Towards functional Human-Machine communication
Currently, the most interaction between humans and machines happens between people and smartphones. As presented earlier, we interact with our smartphone three hours and fifteen minutes per day. This will change, according to Blaise Thomson. We will interact with a lot more devices, as more devices become “smart”. However, before we can interact effectively with our devices, including our smartphone, there is one important problem that needs to be solved. In this blogpost, that problem is being addressed and a solution will be presented.
Let’s start with exploring problems which occur nowadays when it comes to communicating with devices.
Let’s say you are in you car, which has a “smart” navigation system.

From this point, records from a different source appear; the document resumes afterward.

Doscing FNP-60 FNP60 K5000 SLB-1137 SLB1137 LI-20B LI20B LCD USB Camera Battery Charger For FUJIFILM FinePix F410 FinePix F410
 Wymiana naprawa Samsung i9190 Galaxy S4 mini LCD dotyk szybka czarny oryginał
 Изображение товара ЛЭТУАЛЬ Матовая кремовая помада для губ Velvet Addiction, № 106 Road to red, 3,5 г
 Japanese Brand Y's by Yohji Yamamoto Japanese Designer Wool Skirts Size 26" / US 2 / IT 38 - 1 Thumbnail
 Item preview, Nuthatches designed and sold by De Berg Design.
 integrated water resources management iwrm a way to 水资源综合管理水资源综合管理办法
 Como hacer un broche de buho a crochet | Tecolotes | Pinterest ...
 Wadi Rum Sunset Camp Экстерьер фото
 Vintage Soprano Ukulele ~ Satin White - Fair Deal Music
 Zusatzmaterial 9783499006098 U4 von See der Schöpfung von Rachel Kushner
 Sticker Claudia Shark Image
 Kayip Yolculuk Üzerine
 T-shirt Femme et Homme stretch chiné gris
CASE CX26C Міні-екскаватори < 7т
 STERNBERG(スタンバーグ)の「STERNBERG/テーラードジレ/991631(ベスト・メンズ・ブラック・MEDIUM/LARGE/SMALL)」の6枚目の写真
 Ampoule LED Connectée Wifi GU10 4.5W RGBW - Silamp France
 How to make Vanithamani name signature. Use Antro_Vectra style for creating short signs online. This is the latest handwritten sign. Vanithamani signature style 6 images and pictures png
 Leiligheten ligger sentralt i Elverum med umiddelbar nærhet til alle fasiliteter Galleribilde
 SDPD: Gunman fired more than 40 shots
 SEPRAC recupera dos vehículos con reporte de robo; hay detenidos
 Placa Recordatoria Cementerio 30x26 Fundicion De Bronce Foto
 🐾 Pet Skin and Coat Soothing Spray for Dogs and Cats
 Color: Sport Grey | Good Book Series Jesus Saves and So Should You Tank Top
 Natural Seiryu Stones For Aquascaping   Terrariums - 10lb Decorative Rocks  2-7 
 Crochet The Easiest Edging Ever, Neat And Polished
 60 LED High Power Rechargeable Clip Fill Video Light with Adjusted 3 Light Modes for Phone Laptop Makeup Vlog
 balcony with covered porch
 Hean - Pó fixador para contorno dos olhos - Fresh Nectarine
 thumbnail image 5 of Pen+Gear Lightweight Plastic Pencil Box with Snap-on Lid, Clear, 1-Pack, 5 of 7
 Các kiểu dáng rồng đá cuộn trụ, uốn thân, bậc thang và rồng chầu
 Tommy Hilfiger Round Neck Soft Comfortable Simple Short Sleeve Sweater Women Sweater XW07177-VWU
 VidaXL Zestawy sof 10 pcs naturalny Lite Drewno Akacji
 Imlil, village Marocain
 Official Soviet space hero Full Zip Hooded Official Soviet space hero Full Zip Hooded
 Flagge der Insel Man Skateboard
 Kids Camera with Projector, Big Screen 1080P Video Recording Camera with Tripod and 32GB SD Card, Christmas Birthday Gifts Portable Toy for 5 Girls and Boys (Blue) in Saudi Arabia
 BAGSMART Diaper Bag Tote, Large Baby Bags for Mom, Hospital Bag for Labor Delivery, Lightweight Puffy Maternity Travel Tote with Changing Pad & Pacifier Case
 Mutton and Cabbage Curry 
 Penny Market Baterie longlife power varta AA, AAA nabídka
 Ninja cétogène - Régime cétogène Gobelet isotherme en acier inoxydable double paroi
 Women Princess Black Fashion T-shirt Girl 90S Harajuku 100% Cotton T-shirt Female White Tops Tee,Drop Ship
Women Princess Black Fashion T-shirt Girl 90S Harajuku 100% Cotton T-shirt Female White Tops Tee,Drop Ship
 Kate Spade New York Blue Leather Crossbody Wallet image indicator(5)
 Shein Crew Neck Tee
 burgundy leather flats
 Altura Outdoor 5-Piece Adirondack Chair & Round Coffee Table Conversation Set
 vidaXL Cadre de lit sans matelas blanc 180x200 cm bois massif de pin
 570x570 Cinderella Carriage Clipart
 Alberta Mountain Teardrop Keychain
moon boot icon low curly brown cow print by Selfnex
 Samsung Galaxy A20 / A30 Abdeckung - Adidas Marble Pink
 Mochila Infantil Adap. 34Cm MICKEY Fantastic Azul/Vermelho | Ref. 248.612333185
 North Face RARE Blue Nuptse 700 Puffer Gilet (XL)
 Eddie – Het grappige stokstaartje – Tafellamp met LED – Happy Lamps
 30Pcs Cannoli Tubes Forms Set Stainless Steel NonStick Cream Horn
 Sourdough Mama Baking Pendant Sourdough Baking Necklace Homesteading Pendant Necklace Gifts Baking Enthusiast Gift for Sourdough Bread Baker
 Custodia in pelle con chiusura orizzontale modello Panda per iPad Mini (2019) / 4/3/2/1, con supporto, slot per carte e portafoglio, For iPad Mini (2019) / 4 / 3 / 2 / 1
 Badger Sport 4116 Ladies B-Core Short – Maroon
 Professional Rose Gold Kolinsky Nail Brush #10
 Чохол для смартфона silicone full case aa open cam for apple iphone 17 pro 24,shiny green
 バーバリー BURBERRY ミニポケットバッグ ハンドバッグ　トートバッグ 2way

The navigation system can recognize your voice when you tell it you want to go somewhere. For example, you tell your navigation system that you want to go to the Oostzeedijk number 364 in Rotterdam. The system probably asks for a confirmation, and will proceed to show you the right way to go.
This example assumes that you actually know where you want to go, and you know what the address is. But what happens if you do not know where you want to go? The only thing you know is that you want to fulfill some sort of demand or want to complete some task.
For example, you are driving in a city you do not know very well, and you want to have lunch. You ate meat yesterday, so you want to have fish now. You are pretty short on budget and the weather is nice so you want to sit outside. You tell these preferences and limitations to your navigation system. This is a problem for current state-of-the art navigation systems: They do not understand what you say as they are only programmed to understand cities, street names and house numbers. Accordingly, they will not send you to a lunchroom you will like.
This problem also occurs is more advanced communication devices: You can actually try this at home if you have a speech recognition application on your mobile device that interacts with your mobile phone (such as Siri). Add a contact that is named Koen, and give this contact a phone number (your own for example).
Now tell Siri: “Call Koen”.
It comes up with websites related to “Kalkoen” (Dutch for Turkey).
Initial speech recognition problems can be caused by a noisy background or a sore throat. We cannot blame Siri for not totally understand you. So you try again::
And again, it comes up with websites related to “Kalkoen”. This also occurs when you change the language.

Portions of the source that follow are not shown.